Finally, under the “Tutorial” tab I have expanded the number of excellent videos on this craft made by some amazing artists.

When you have some time, sit down with a cuppa and have a look!

Enjoy!

Judi

Which is it? A Talk? Demonstration? or Workshop?

Well, it finally happened….someone approached you and asked, “could you come and talk to my group about rug hooking?”

What do you say?

When this happens, your first reaction will to be genuinely pleased, flattered and enthused to think that someone wants to know more about this traditional craft and they want you to give them a talk!

Before you start bobbing your head wildly in affirmation, step back a bit and don’t attempt to answer to their question – yet!

There are a number of questions you should consider asking before you make a commitment of your time, energy and money. Obviously you can make up your own mind about how and what you might do at any session, but….if you want to maintain some control over your time and sanity you may wish to give serious thought now  to the following questions so you are ready with your considered response the day you are asked the inevitable question!

So…what should you consider?

  • What exactly does this group want?

Each group is different and the “one size fits all approach” doesn’t usually work for any presentation, no matter what the topic.

A talk?  A talk is just that. A talk. And a talk can take you in a number of directions with regard to this craft. What do they want to hear more about? The history and evolution of rug hooking in North America? Rug hooking’s rise and near demise in Australia? Do they want to see samples of different types of work and understand how it differs from latch hooking? What? Ask very specific questions so you will know how to focus your talk.

A demonstration? This is a bit more than a talk and involves elements of “show and tell”. Again, what do they want demonstrated? How the hook used? The prodder? What’s the difference between the two techniques and how are they used? (Historically and in contemporary works). A demonstration is a demonstration not a “hands-on-workshop”.  Depending on the size of the group, you might decide to let them each “have a go” to hook or prod a few stitches but anything more than that and you have entered the world of The Workshop!

Yes…yes…I know it’s hard to “draw the line” when you are doing a demonstration as to how much “extra” you can allow…it’s your call. But…if you have materials ready in advance as part of your “demonstration kit” (You do have a demonstration kit, don’t you?) then you have already set the parameters for your session.

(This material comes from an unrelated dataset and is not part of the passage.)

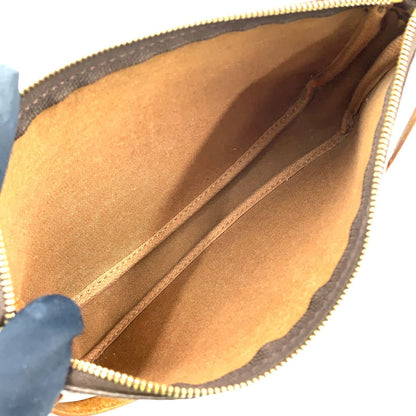 Louis Vuitton Pochette Monogram Leather Brown Handbag Gold — view 3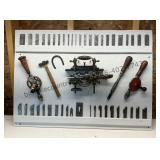 Vintage Planer and Tools on Display Board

A Workshop? Now you’ve entered the “Big Time”! [I refer you to the document, “Planning a Workshop?” for more details on how to think about the structure of your workshop, and the planning questions to ask!]

In brief….the most important thing to think about here is that you NOT confuse a demonstration with a workshop (unless you don’t ever plan to distinguish between the two; then this won’t matter).

When you demonstrate:  you SHOW.

When you teach a workshop: you SHOW and DO; then the participants DO (with your help).

There is a big difference between the two activities and it is easy to set participants up for failure if they think that by seeing a demonstration they know how to DO the craft. So….be aware of how you will sell these two concepts and make your distinction clear when you decide to say “yes” to the request.

  • You know what type of presentation the group wants, what else should you consider?

How much time will I have and how many people will attend? It is absolutely critical that you know the answer to these two questions. The answers will determine whether or not you can offer the kind of presentation the group thinks it wants. YOU are in charge here and you may need to let the group know that they will have too many people for you do offer an effective demonstration and that you would be happy to do a “talk” and work with them to set up a demonstration at another time (so you can bring some assistants or helpers, etc.)  OR it may be that you are only given 45min for your presentation, in which case you are probably looking at a “talk”. Be clear about what you can and cannot do within the allotted time and for the size of group.

Will I have time to set up before my presentation? Will there be help?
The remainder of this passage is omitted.